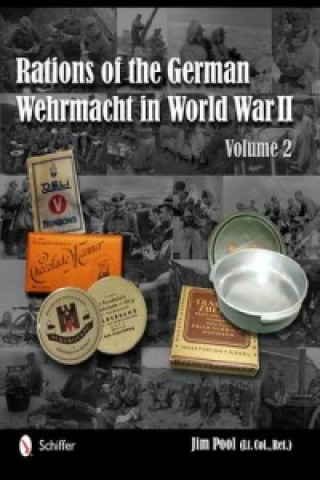 Kniha Rations of the German Wehrmacht in World War II: Vol 2 Jim Pool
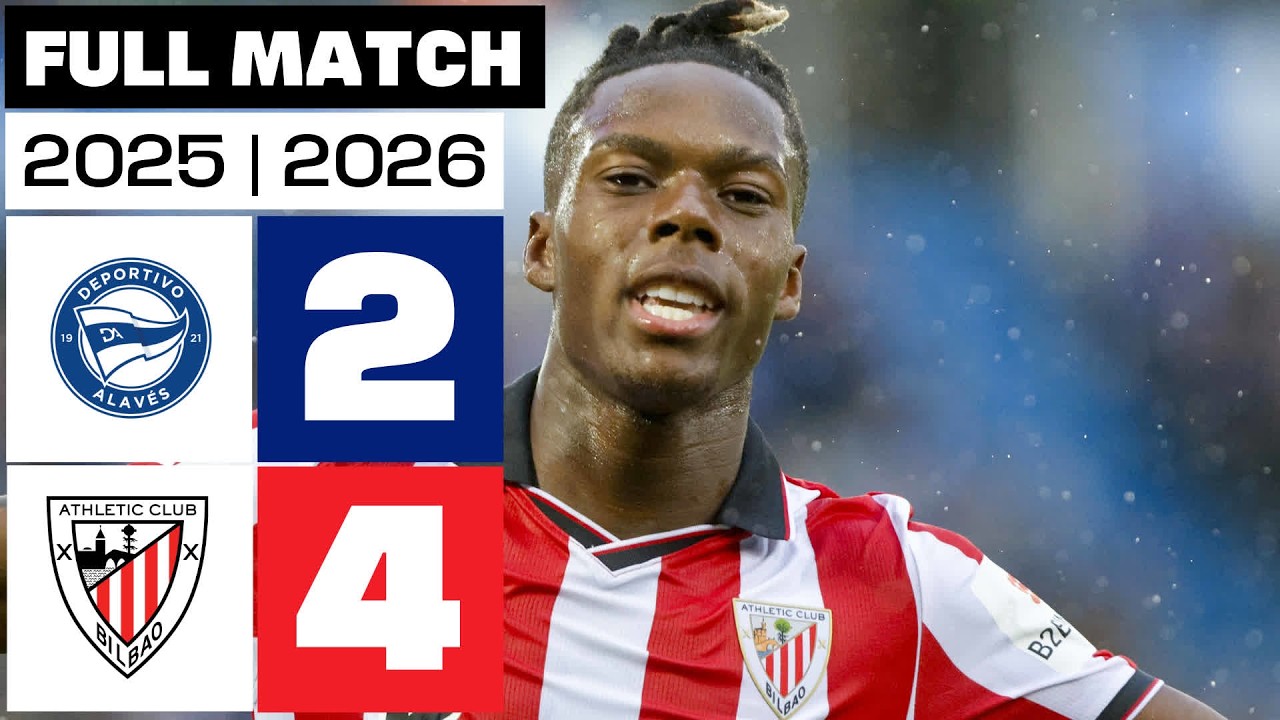Deportivo Alavés 2 - 4 Athletic Club 2025/26 PARTIDO COMPLETO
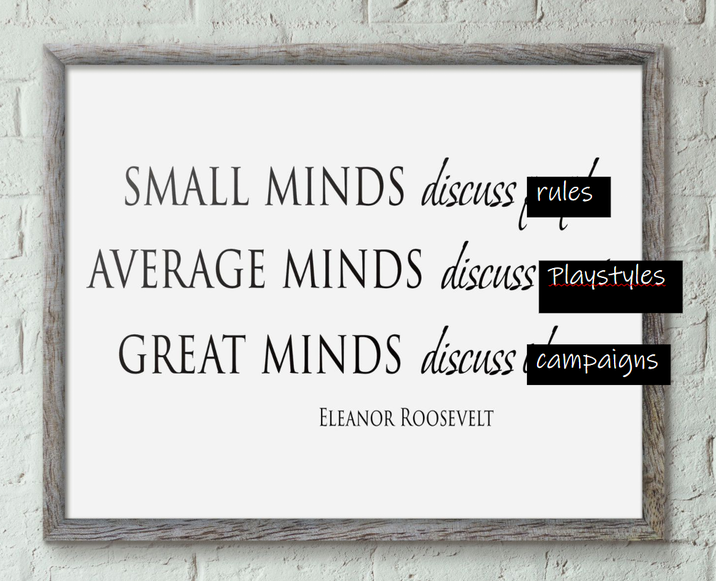 SMALL MINDS discuss rules AVERAGE MINDS discuss Playstyles GREAT MINDS discuss campaigns ELEANOR ROOSEVELT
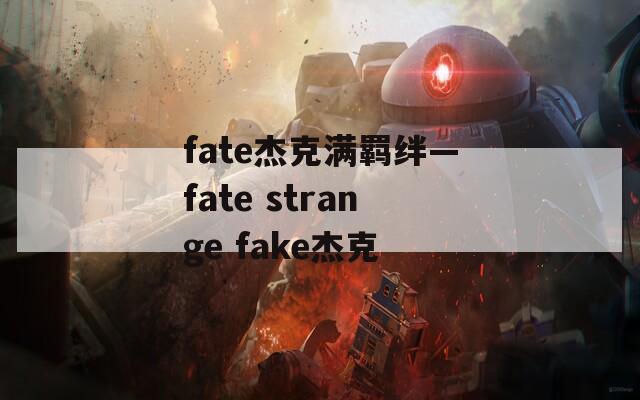 fate杰克满羁绊—fate strange fake杰克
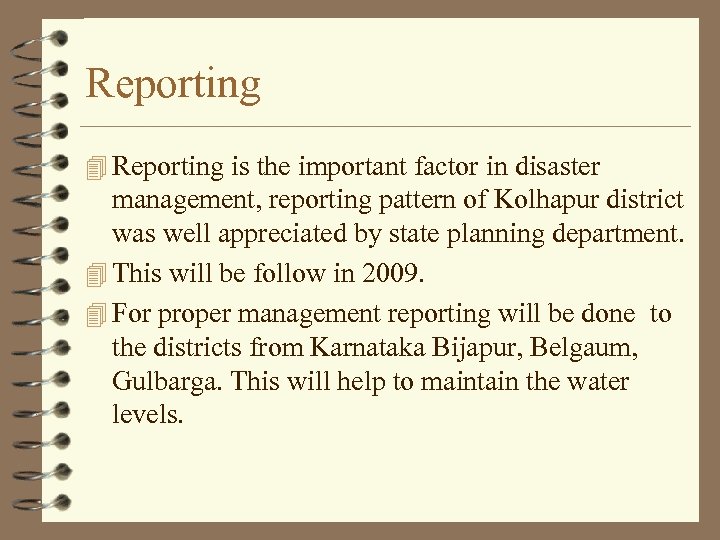 Reporting 4 Reporting is the important factor in disaster management, reporting pattern of Kolhapur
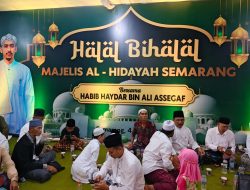 Kehangatan Silaturahmi dan Berkah Santunan Warnai Halal Bihalal Majelis Al Hidayah Semarang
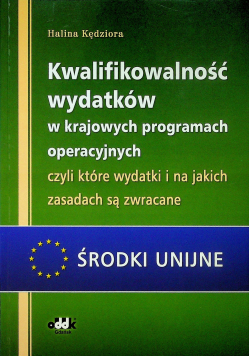 Kwalifikowalność wydatków w krajowych programach operacyjnych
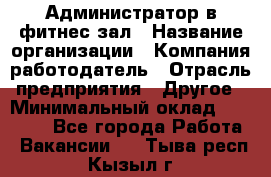 Администратор в фитнес-зал › Название организации ­ Компания-работодатель › Отрасль предприятия ­ Другое › Минимальный оклад ­ 25 000 - Все города Работа » Вакансии   . Тыва респ.,Кызыл г.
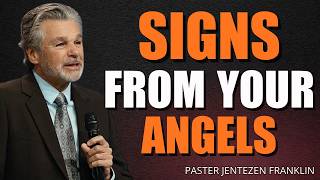 Signs From Your Angels | Powerful Christian Motivation & Spiritual Guidance by Jentezen Franklin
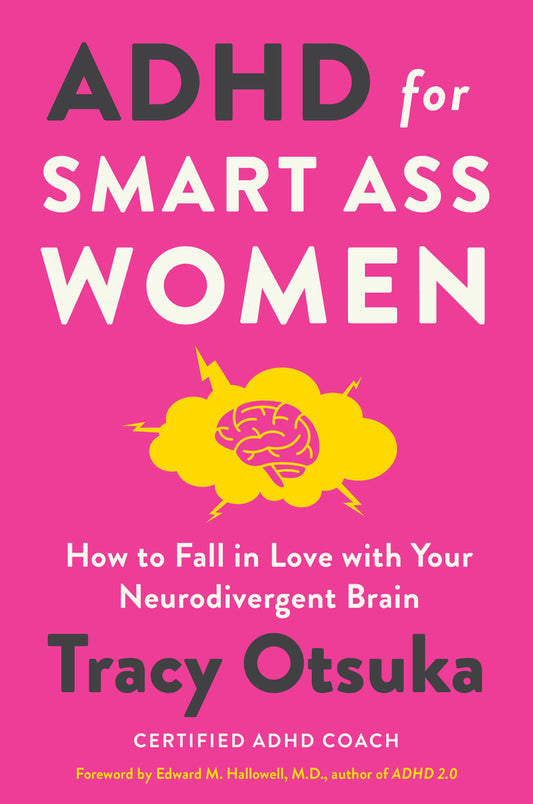 Book cover for ADHD for Smart Ass Women: How to Fall in Love with Your Neurodivergent Brain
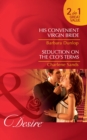 His Convenient Virgin Bride / Seduction On The Ceo's Terms : His Convenient Virgin Bride (Montana Millionaires: the Ryders) / Seduction on the CEO's Terms (Napa Valley Vows) - eBook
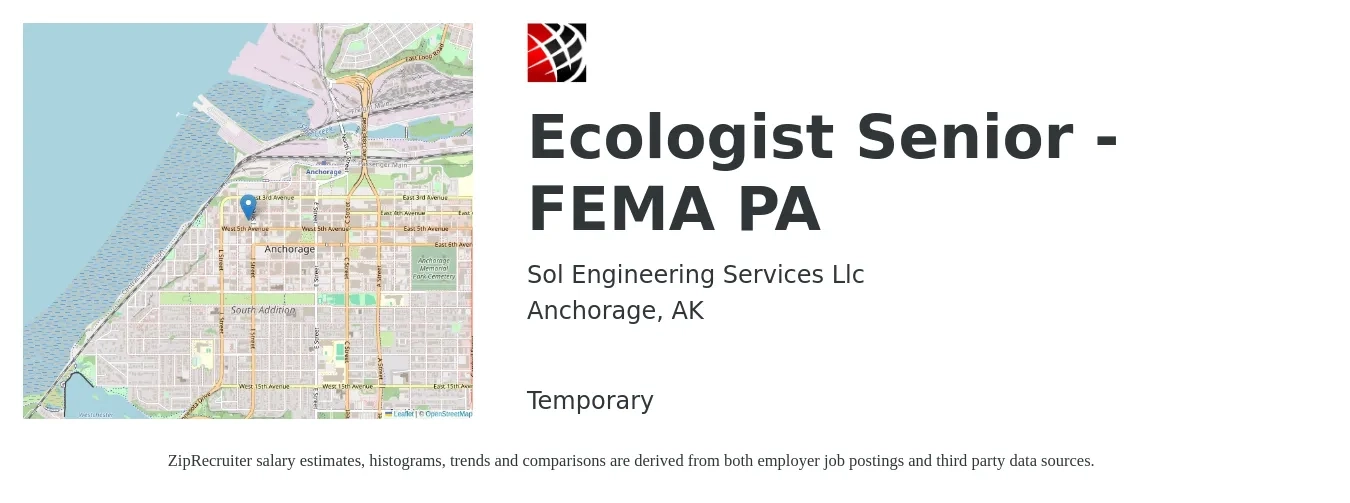 Sol Engineering Services Llc job posting for a Ecologist Senior - FEMA PA in Anchorage, AK with a salary of $33 to $41 Hourly with a map of Anchorage location.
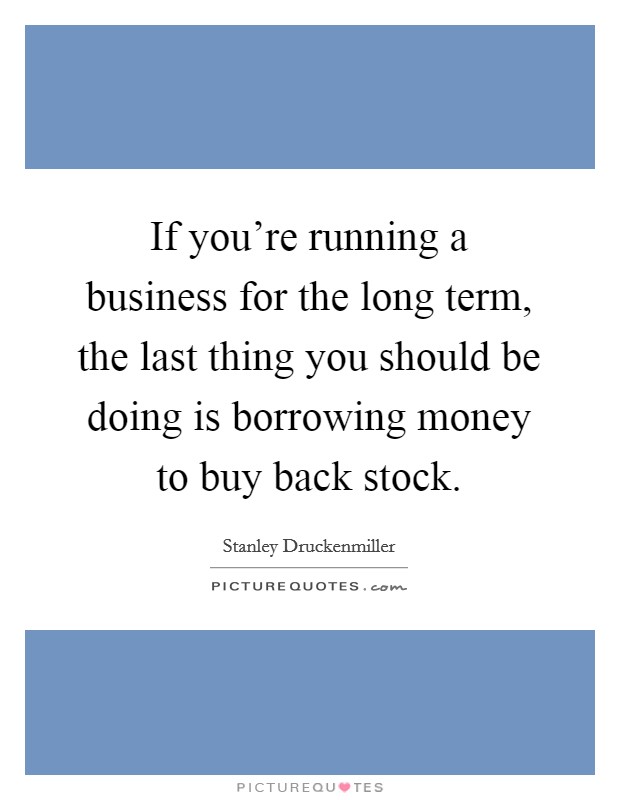 If you're running a business for the long term, the last thing you should be doing is borrowing money to buy back stock. Picture Quote #1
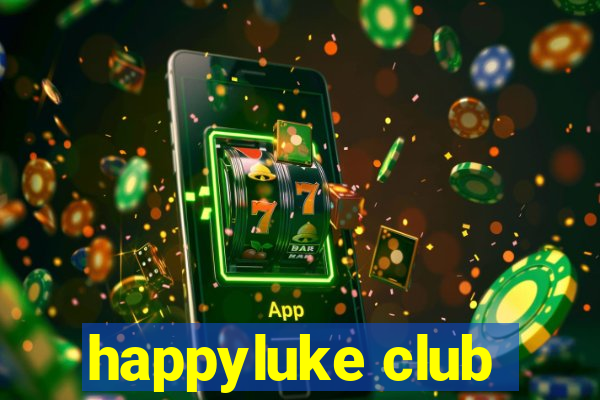 happyluke club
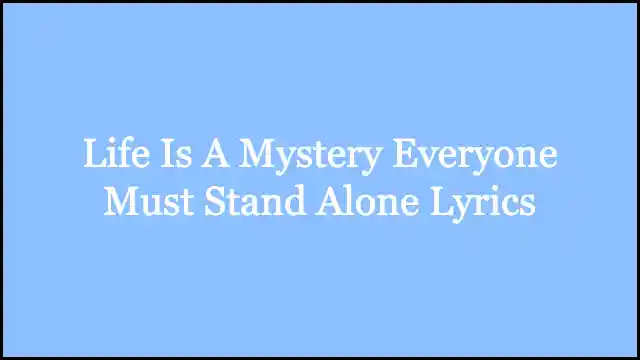 Life Is A Mystery Everyone Must Stand Alone Lyrics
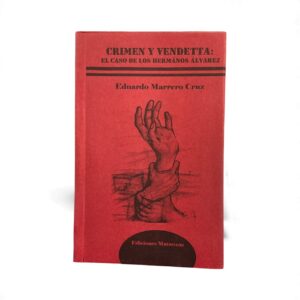 Crimen y Vendetta: El Caso de los Hermanos Álvarez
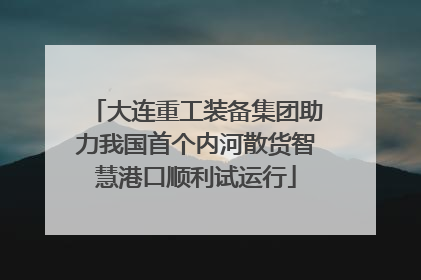 大连重工装备集团助力我国首个内河散货智慧港口顺利试运行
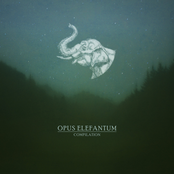 Opus Elefantum Compilation I: Nature & Cosmos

§ Work request
Only the lines from the top of the material through the line containing "happyluke club" should be written out, exactly and without pictures.

§ Exercise result
 Kniha Rations of the German Wehrmacht in World War II: Vol 2 Jim Pool
Deportivo Alavés 2 - 4 Athletic Club 2025/26 PARTIDO COMPLETO
 SMALL MINDS discuss rules AVERAGE MINDS discuss Playstyles GREAT MINDS discuss campaigns ELEANOR ROOSEVELT
 fate杰克满羁绊—fate strange fake杰克
 Reporting 4 Reporting is the important factor in disaster management, reporting pattern of Kolhapur
 Kehangatan Silaturahmi dan Berkah Santunan Warnai Halal Bihalal Majelis Al Hidayah Semarang
 Kwalifikowalność wydatków w krajowych programach operacyjnych
 Администратор в фитнес-зал › Название организации ­ Компания-работодатель › Отрасль предприятия ­ Другое › Минимальный оклад ­ 25 000 - Все города Работа » Вакансии   . Тыва респ.,Кызыл г.
 Signs From Your Angels | Powerful Christian Motivation & Spiritual Guidance by Jentezen Franklin
 Book cover for ADHD for Smart Ass Women: How to Fall in Love with Your Neurodivergent Brain
 His Convenient Virgin Bride / Seduction On The Ceo's Terms : His Convenient Virgin Bride (Montana Millionaires: the Ryders) / Seduction on the CEO's Terms (Napa Valley Vows) - eBook
 Sol Engineering Services Llc job posting for a Ecologist Senior - FEMA PA in Anchorage, AK with a salary of $33 to $41 Hourly with a map of Anchorage location.
 If you're running a business for the long term, the last thing you should be doing is borrowing money to buy back stock. Picture Quote #1
 happyluke club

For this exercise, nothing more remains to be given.